### DIRECTIONS FOR THIS TASK
Exact duplicates of the lines from the top of the data through the line containing "平和屋着物●太鼓柄袋帯 すくい織 成物 銀糸 正絹 逸品 CABB0659hy" are needed, with every picture left out.

### MATERIAL PROVIDED
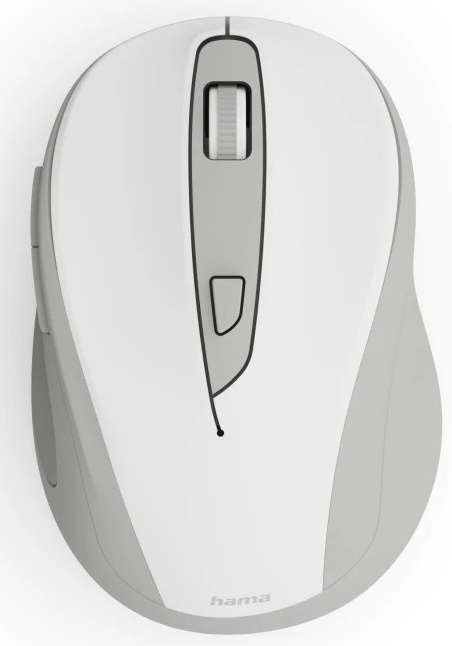 Hama WM-400 Ergonomische Maus | Funk (2,4 GHz) | 2× AAA-Batterie | 6 Tasten | 1600 dpi | Rechtshänder | Weiß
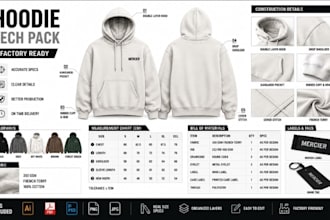 create streetwear tshirt hoodies tech pack with flat sketches for production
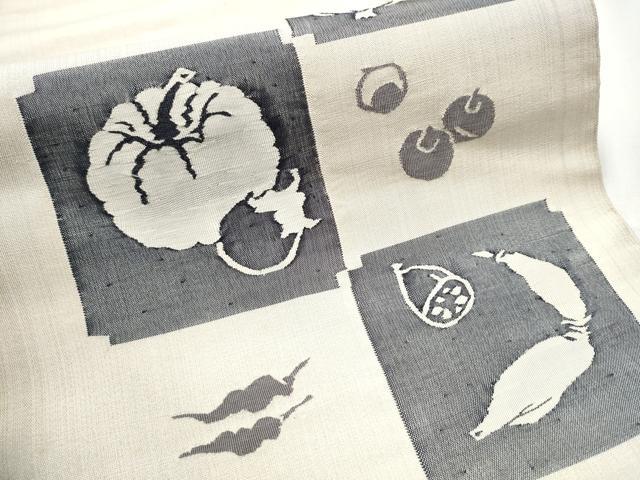 平和屋着物●太鼓柄袋帯 すくい織 成物 銀糸 正絹 逸品 CABB0659hy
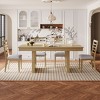 Modern 5-Piece Rubber Wood Extendable Dining Table Set with Upholstered Chairs, Expandable Kitchen Table for Dining Room-Maison Boucle - 2 of 4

### RESPONSE FOR THIS EXERCISE
 Hama WM-400 Ergonomische Maus | Funk (2,4 GHz) | 2× AAA-Batterie | 6 Tasten | 1600 dpi | Rechtshänder | Weiß
 create streetwear tshirt hoodies tech pack with flat sketches for production
 平和屋着物●太鼓柄袋帯 すくい織 成物 銀糸 正絹 逸品 CABB0659hy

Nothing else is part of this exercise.